In the listing below, start your output at the line with "AC1900 DOCSIS 3.0" and end it after the line with "Centerline Dynamics Outdoor", copying every line exactly.

• [Available data]:
★ ★ ★ ★

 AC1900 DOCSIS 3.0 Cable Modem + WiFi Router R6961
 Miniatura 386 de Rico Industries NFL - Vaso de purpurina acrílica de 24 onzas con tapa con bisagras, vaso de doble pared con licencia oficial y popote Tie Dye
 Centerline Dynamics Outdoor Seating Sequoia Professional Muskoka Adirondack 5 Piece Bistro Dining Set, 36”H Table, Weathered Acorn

★ ★ ★ ★

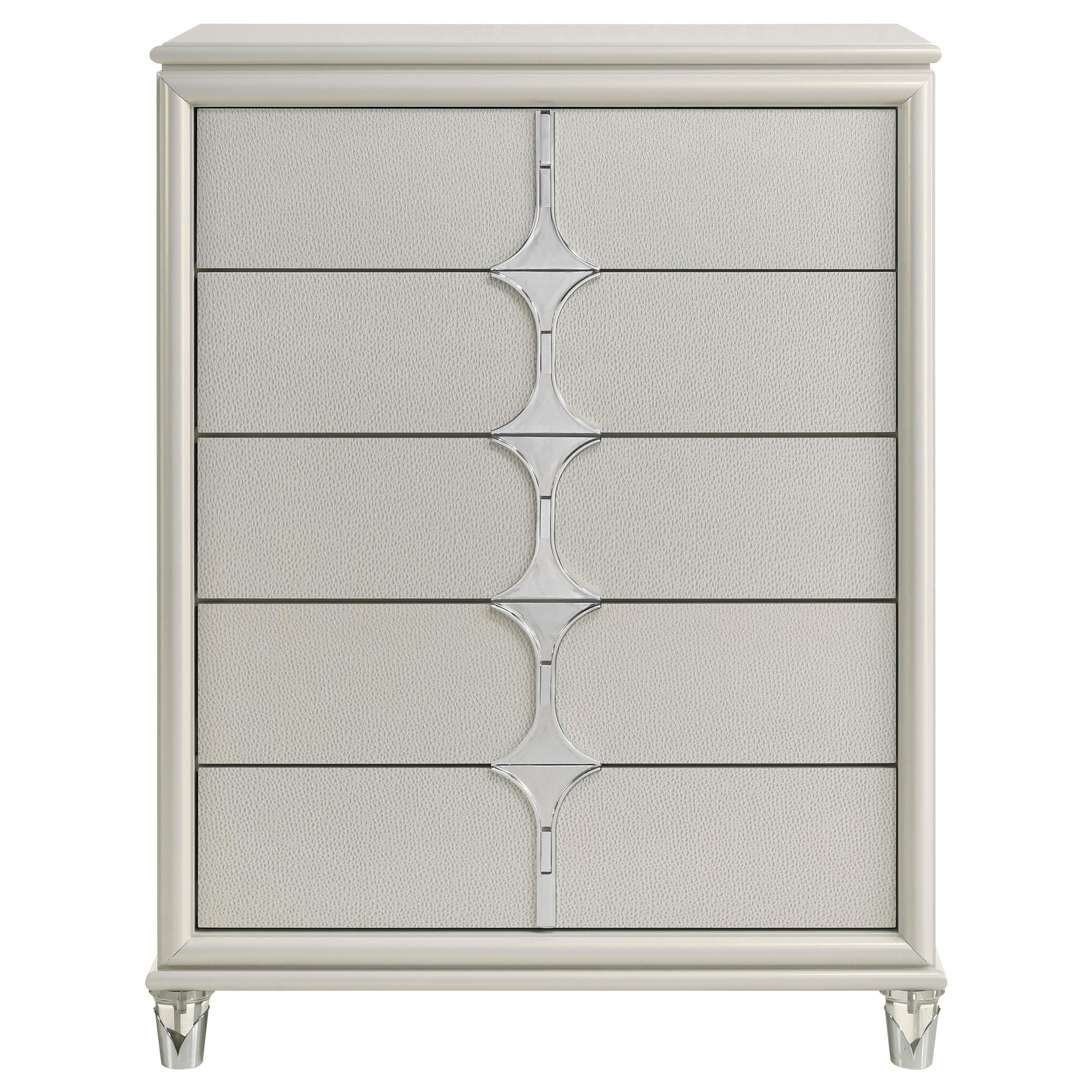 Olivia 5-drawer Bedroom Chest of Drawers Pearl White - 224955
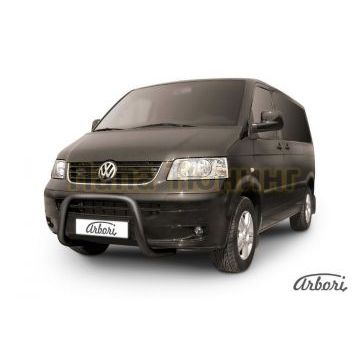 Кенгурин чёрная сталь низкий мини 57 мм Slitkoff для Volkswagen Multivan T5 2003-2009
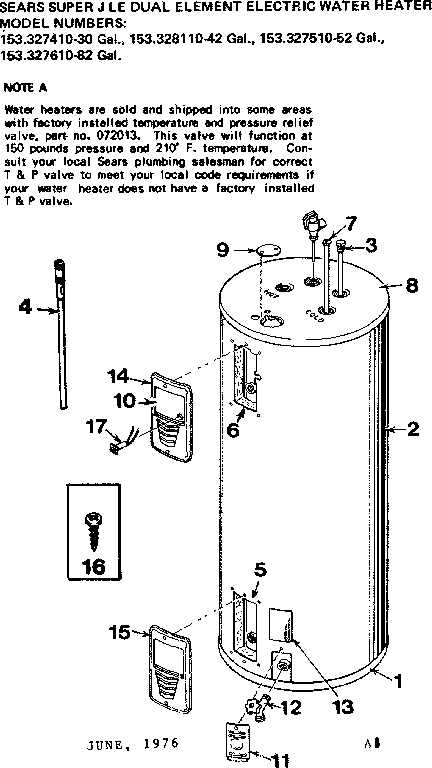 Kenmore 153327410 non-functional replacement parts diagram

★ ★ ★ ★

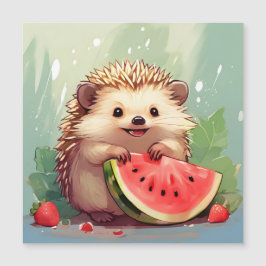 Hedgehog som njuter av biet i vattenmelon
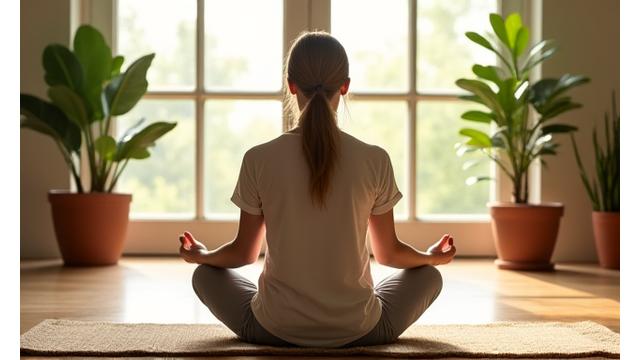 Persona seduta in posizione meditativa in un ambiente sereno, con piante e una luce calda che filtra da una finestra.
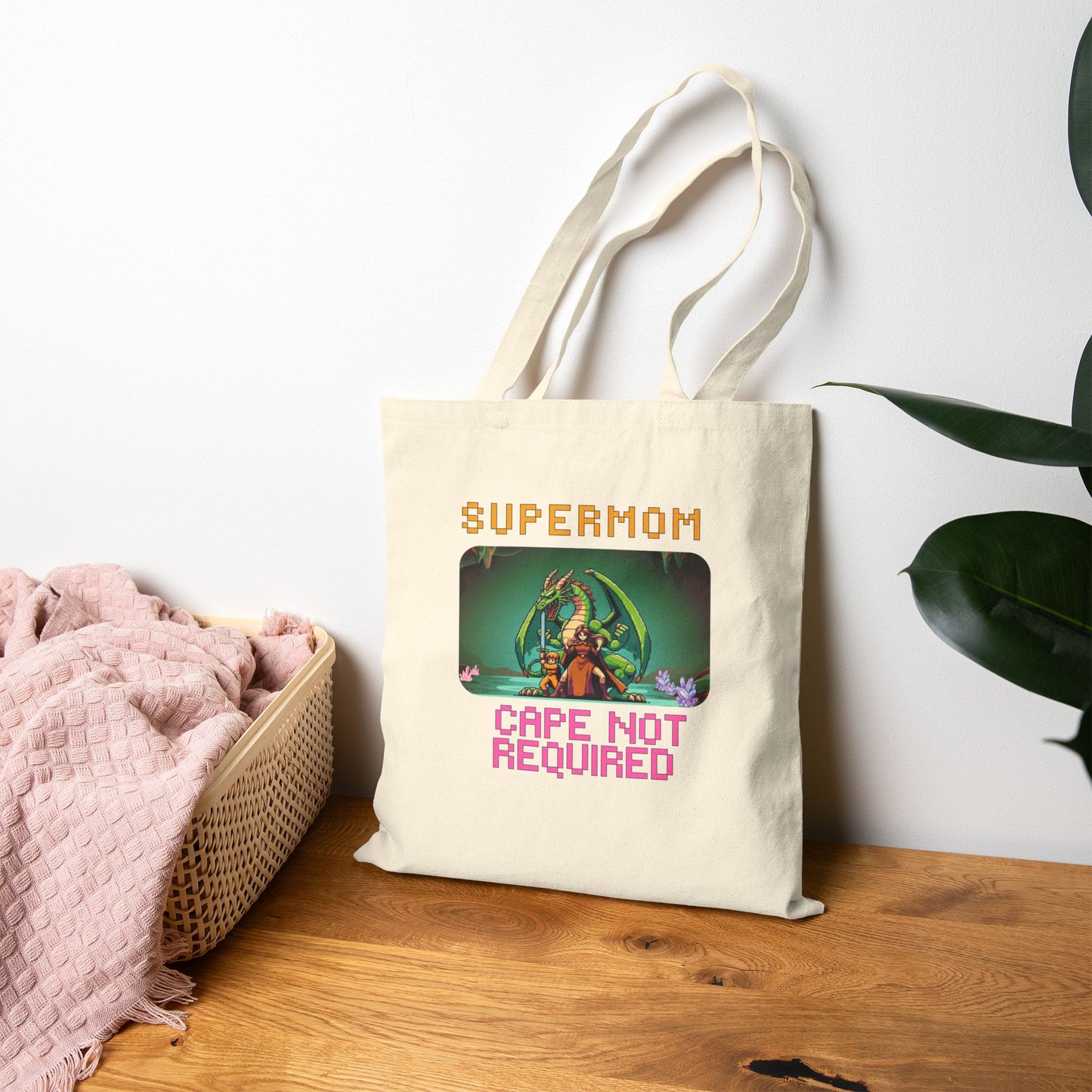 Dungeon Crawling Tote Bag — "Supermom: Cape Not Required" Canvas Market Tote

★ ★ ★ ★

• [Solution to this exercise]:
 AC1900 DOCSIS 3.0 Cable Modem + WiFi Router R6961
 Miniatura 386 de Rico Industries NFL - Vaso de purpurina acrílica de 24 onzas con tapa con bisagras, vaso de doble pared con licencia oficial y popote Tie Dye
 Centerline Dynamics Outdoor Seating Sequoia Professional Muskoka Adirondack 5 Piece Bistro Dining Set, 36”H Table, Weathered Acorn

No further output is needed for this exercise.